We’re all Zapruders now (but that doesn’t make us journalists)

 

General Photography

zapruder_vs_pope.jpg

Just before the Christmas Eve Mass 2009, a woman with apparent mental problems jumped a barrier and tried to reach Pope Benedikt who was moving towards the altar at St. Peter’s Basilica. Bodyguards managed to tackle the woman, but in the ensuing scrum, the Pope ended up falling to the ground. It was probably inevitable that video footage of the event would make the news - taken by someone a few rows away from the event. Stills from the low-resolution movie were used in news articles to show the event, and I was struck by the similarities with the famous Zapruder film.

Of course, the events were vastly different, but if you look at just the movies and the ways they were made, they were strikingly similar: Grainy footage that, when viewed as a movie, gives a somewhat blurry idea of what happened; while individual images/stills are too unclear to really show anything other than a general idea that something has happened (as an aside, in the little comparison of two stills above, notice the difference between film grain and digital noise!). With cell phone cameras being ubiquitous we are all potential Zapruders now.

I don’t ever recall hearing or seeing anyone describe Abraham Zapruder as a “citizen journalist”. He was seen as what we was: A chance bystander who happened to have a camera (and use it) the moment the American president was shot and killed. These days, there is a lot of talk of “citizen journalists” - people who, like Zapruder, happen to be somewhere with their cameras (often cell phones) when something happens (like in the case of the Pope). It’s not that clear what it is that turns today’s chance bystanders into journalists.

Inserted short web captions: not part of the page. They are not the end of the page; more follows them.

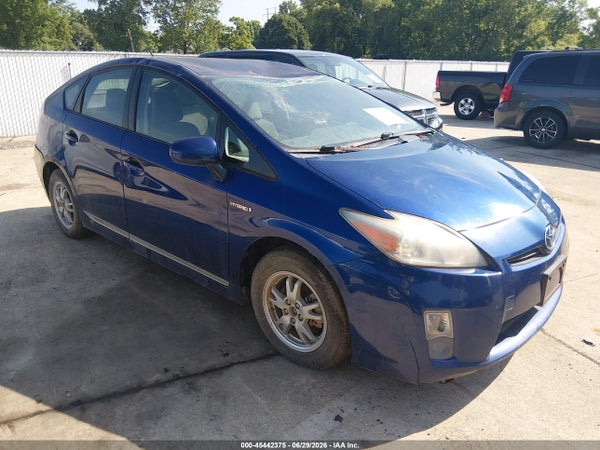 2011 Toyota Prius
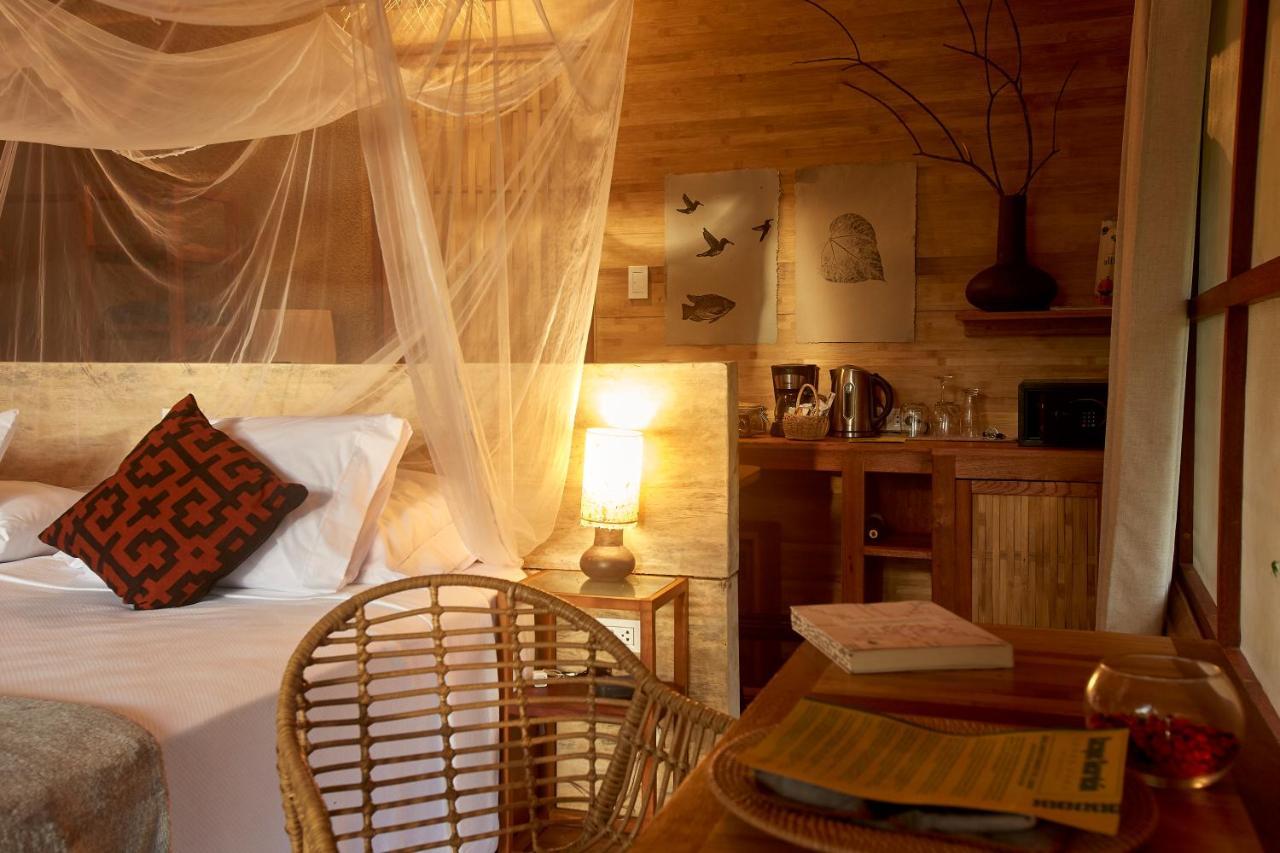 Bosque Guardian Lodge Tarapoto Zewnętrze zdjęcie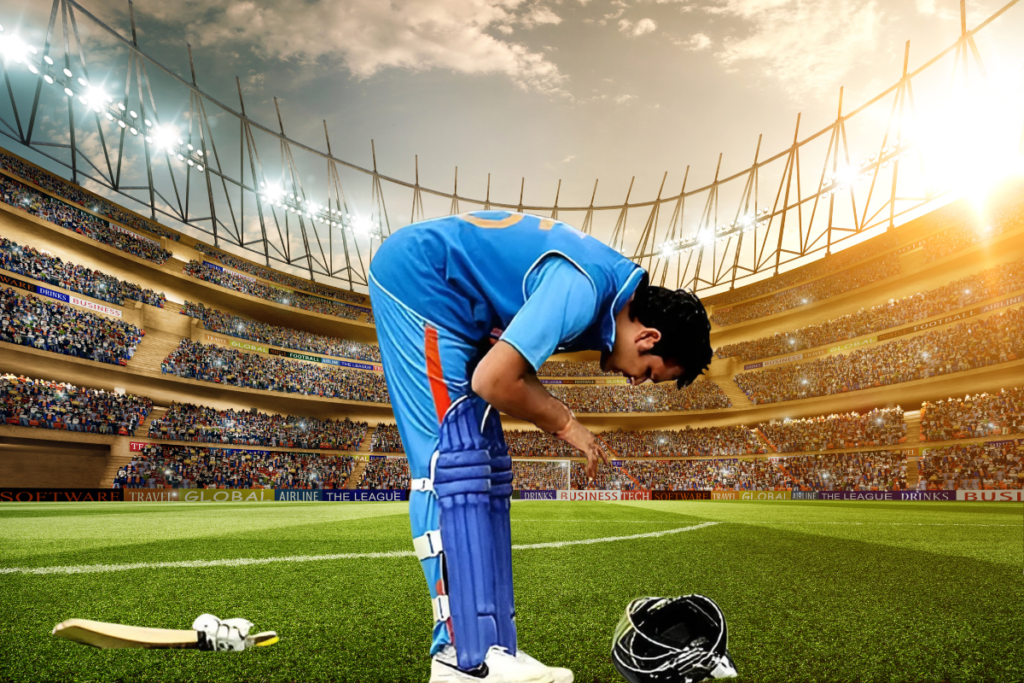 Common cricket ball hand injuries & how to treat them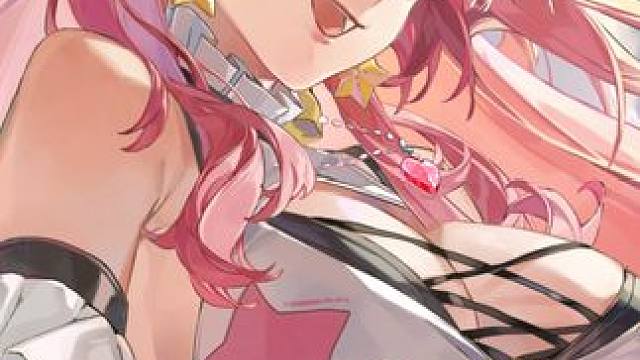 #战双帕弥什 ◆艾拉 启动日快乐◆
她迎着喧嚣的海风摊开手掌，指尖微微收拢，仿佛要将那无形的祝福留在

Maybe this is all because Zapruder lived in the day and age of Walter Cronkite, whereas today, America’s most trusted journalist is a comedian. Of course, the reason for this is not that Jon Stewart is a comedian, it is because Stewart cares about the facts - and not the people (politicians etc.) he happens to agree with. Take away the jokes, and The Daily Show embodies the essence of good journalism.

It is no real surprise that a lot of The Daily Show’s contents derives directly from how other news programs work. Just take the balloon boy hoax (I’m linking to CNN’s page on purpose), where major US networks spent a whole day covering the story of a young boy supposedly caught in a balloon that had taken off. For a whole day, that story - with live coverage - pushed aside all other issues, regardless of how relevant they actually were.

Here we seem to have the real connection with “citizen journalism”: Because journalism has become a business just like any other business, splashy stories dominate over seemingly boring content. And the ultimate goal, of course, is to have images or, better still, movies that show events. That’s where the chance bystanders with their cell-phone cameras enter - they provide footage where there was no camera crew. But for a world obsessed with cutting costs, it’s even better: You not only get more footage, you also get it for free!

So it is absolutely no surprise that in a journalistic environment driven by business needs (The Market Loves The New York Times Layoffs is an actual headline) “citizen journalism” is hailed.

Of course, the chance bystander might indeed provide us with footage that adds something to a story. But what one has to realize is that the chance bystander will almost inevitably produce event-driven footage. Something is happening, and someone, who happens to be on the scene, takes a photo. But that’s not all journalists or photojournalists do. It’s one thing to grab your cell phone and take a quick picture when someone tackles the Pope, but it’s quite another thing to (for example) pack your bag, travel thousands of miles to Afghanistan, and spend weeks there to get pictures of the war.

Imagine you had a news crew covering your life: Would you want your life to get reduced to a rib you happened to break and to whatever other splashy fortunes (won forty dollars on a scratch ticket) or misfortunes (had a flat tire) you experienced, while ignoring all of the “boring” stuff that might shape your life? As it turns out many people have a “journalist” covering their own life: They do it themselves, on Facebook (or Twitter). What many people do is to literally post anything that is going on as a “status update”. Seen that way, everything becomes an event, because everything is deemed relevant enough for the world (or the set of friends) to know: Now that is true citizen journalism!

Of course, if we take Facebook status updates, it is immediately clear that calling those journalism is absurd, and it is obvious why: Journalists make selections, they weed out the relevant from the irrelevant. The Facebook citizen journalists, covering their own lives, don’t: I just had a bog bowl of cereal for breakfast. On the plane, seat 14C. OMG, my cat just made the cutest sound.

It’s very, very important for us to realize what we have to lose when we treat chance bystanders as journalists, while, at the same time, refusing to fund actual journalists - and it’s important to realize that these two issues are actually connected: They’re the two sides of the same coin. Getting to see images that someone took just because s/he happened to be there is great, but it does not replace the work of actual journalists. And getting chance images also does not make the news or journalistic stories better per se, because we still need someone to sort things for us, to put things into perspective, to assign someone to cover something “boring” that we still need to hear about etc.